Ordinal model does not find true means and variance

Hi all

I am trying to set up a model to analyze ordinal survey data. The survey questions ask about proportions (e.g. 'for what proportion of X did you Y?), and the response options are intervals of proportions (e.g. ‘less than 5% of X’, ‘between 5% and 25% of X’, etc.).

There is a similar ordinal model in chapter 23 of Kruscke’s DBDA 2, which someone has implemented in pymc3. I’ve changed this model to fit to my data and purposes, and get the following:

nYlevels = 6
thresh = np.array([0.05,0.25,0.5,0.75,0.95])

#a function to calculate the probabilities for all the thresholds

@as_op(itypes=[tt.dvector, tt.dvector], otypes=[tt.dmatrix])
def outcome_probabilities( alpha, beta):
    out = np.empty(((nYlevels), int(12)), dtype=np.float64)
    n = stats.beta(alpha,beta)    #I changed this one from stats.norm to stats.beta, and now estimate alpha and beta in the model
    out[0] = n.cdf(theta[0]) 
    out[1] = n.cdf(theta[1]) - n.cdf(theta[0])
    out[2] = n.cdf(theta[2]) - n.cdf(theta[1])
    out[3] = n.cdf(theta[3]) - n.cdf(theta[2])
    out[4] = n.cdf(theta[4]) - n.cdf(theta[3])
    out[5] = 1 - n.cdf(theta[4])
    return out

#the model

with pm.Model() as ordinal_model:    

    theta = thresh
    mu = pm.Uniform('mu',0,1,shape=int(12))
    var = pm.Uniform('var',0,(mu*(1-mu)),shape=int(12))

    alpha = ((1 - mu) / var - 1 / mu) * (mu ** 2)
    beta = alpha * (1 / mu - 1)
          
    pr = outcome_probabilities( alpha, beta) 
        
    y = pm.Categorical('y', pr.T, observed=all_samples.T)
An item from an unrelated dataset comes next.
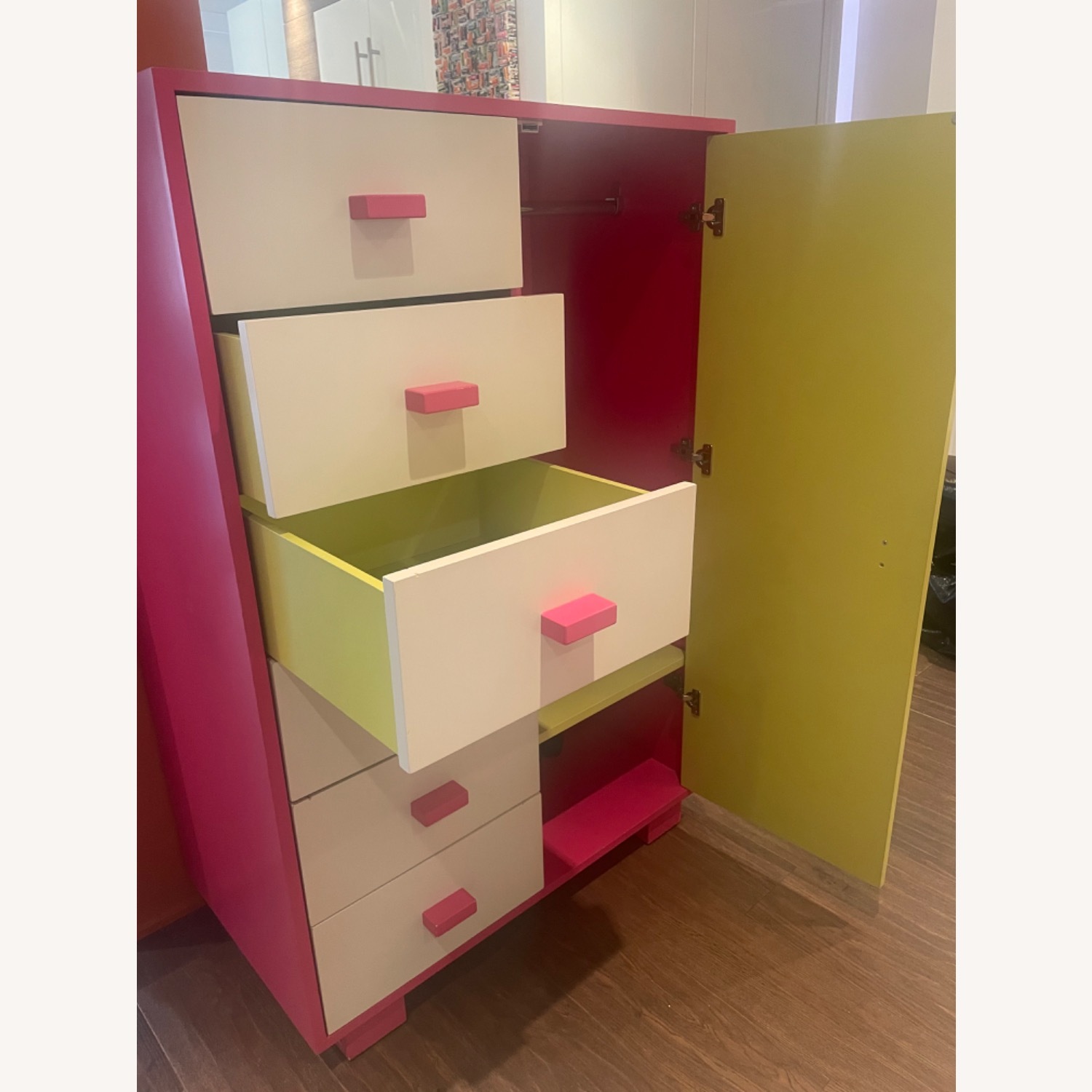 Duc Duc Armoire - AptDeco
To test this model, I sampled data from random beta distributions, and then transformed this into ordinal data using the thresholds from the response options (‘thresh’ in the code above). The model ostensibly runs well with the simulated data, but is sometimes very far off the true means and variances. In particular, the 94%HDI of the posterior is very far away from the true mean when the true mean is relatively high (say 0.4 and up). In those cases, the model generally vastly underestimates the mean (but also not always). For many random pairs of alpha and beta, however, the estimates for the mean and var are very accurate.
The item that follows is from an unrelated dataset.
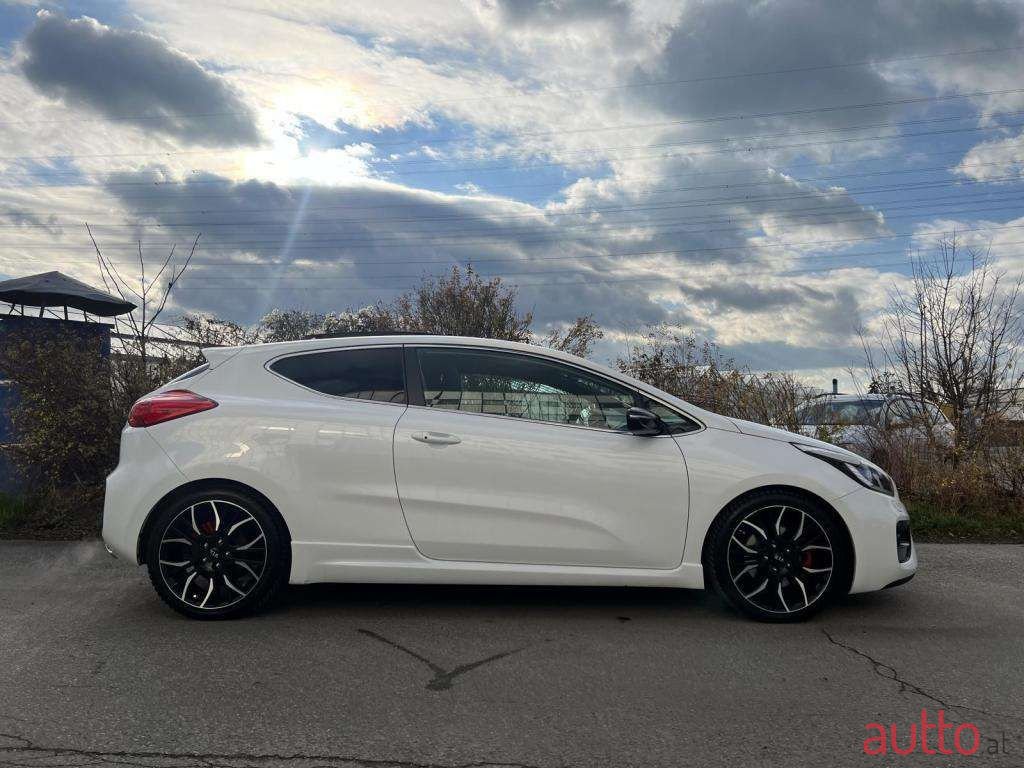 2013' Kia Ceed photo #2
I’m not sure what might be the reason that the model works so well for some pairs of alpha and beta, but not for others. This is what I’ve looked at:

  • The sampling looks fine, as far as I can tell, but is very slow (perhaps because I cannot use NUTS because of the custom Theano Operation to calculate the thresholded cumulative probabilities?).
  • I’ve tried the same model but without priors for ‘mu’ and ‘var’, and with various exponential or halfnormal priors for ‘alpha’ and ‘beta’, but that leads to very similar results.
  • I’ve tried using varying sample sizes for the simulated data. This seems to make a difference, with fewer random pairs of alpha and beta for which the estimate of the mean is off, and when the estimates are off they are off a bit less (but the true mean is still very far out of the 90% HDI). However, even with sample sizes of 20k (which is far less than the survey I’m hoping to run), the model still strongly underestimates the mean for pairs of alpha and beta that lead to a high mean.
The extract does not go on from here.